* Aim of the exercise
Locate "GUCCI New Ace" in the listing. Transcribe the line that contains it and every line that follows, through the last, omitting all pictures.

* Exercise data
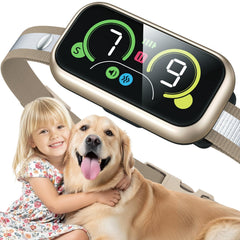 Kollgux collar anti-ladridos, vista frontal, control de ladridos para perros en paseos.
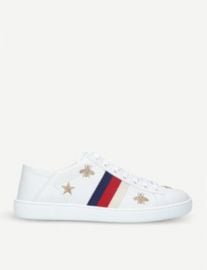 GUCCI New Ace bee-embroidered leather trainers at Selfridges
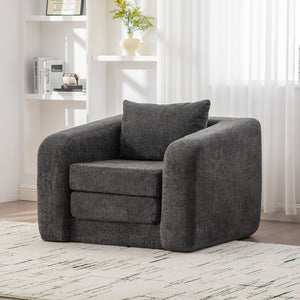 English Elm 40" Chenille Cloud Floor Chair Convertible Sleeper Sofa Lounge for Dorm Apartment Bedroom Gray W3118P388898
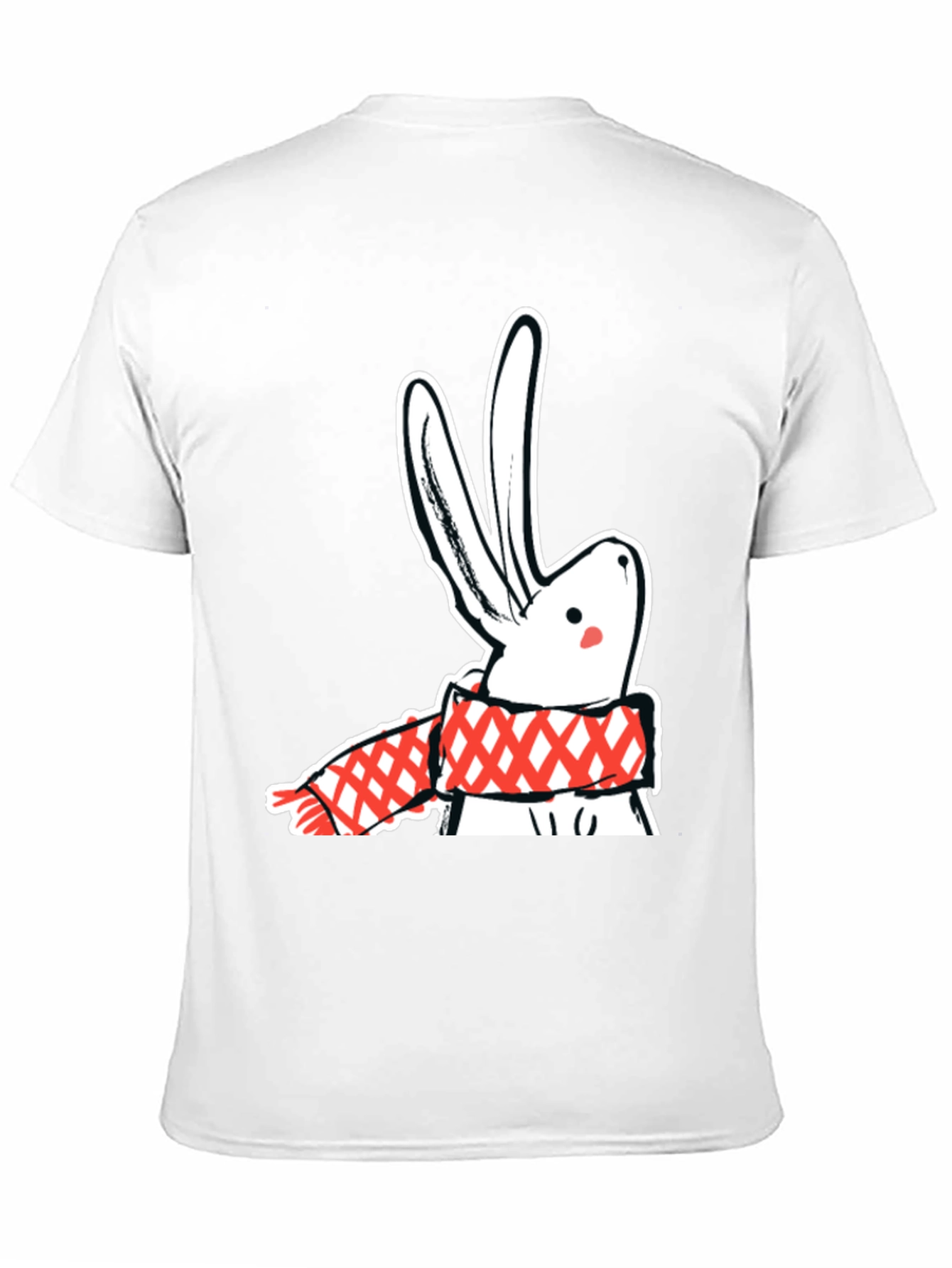 Black Black T-Shirt with Rabbit & Scarf Graphic view 11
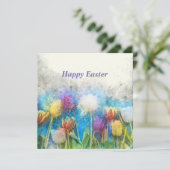 Carte Joyeuses Pâques belles tulipes  (Debout devant)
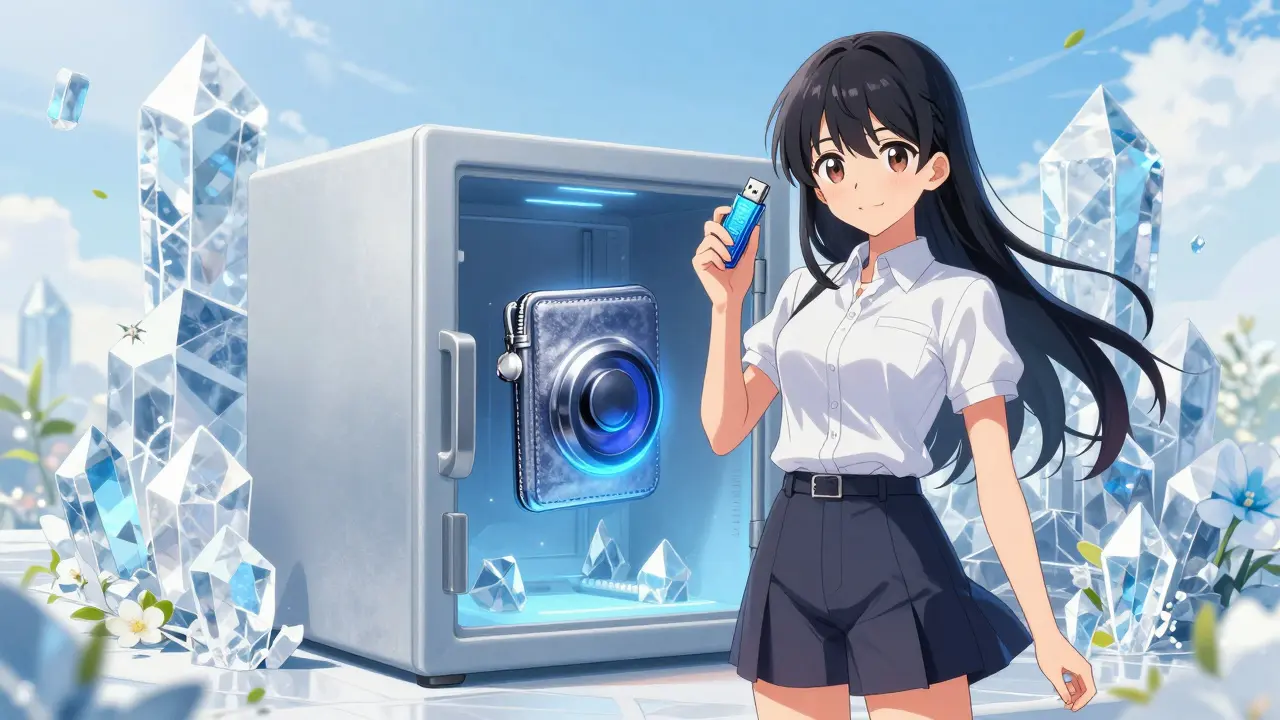 Anime character holding a hardware wallet in front of a secure crystal fortress.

* Reply to the task
 GUCCI New Ace bee-embroidered leather trainers at Selfridges
 English Elm 40" Chenille Cloud Floor Chair Convertible Sleeper Sofa Lounge for Dorm Apartment Bedroom Gray W3118P388898
 Black Black T-Shirt with Rabbit & Scarf Graphic view 11
 Carte Joyeuses Pâques belles tulipes  (Debout devant)
 Anime character holding a hardware wallet in front of a secure crystal fortress.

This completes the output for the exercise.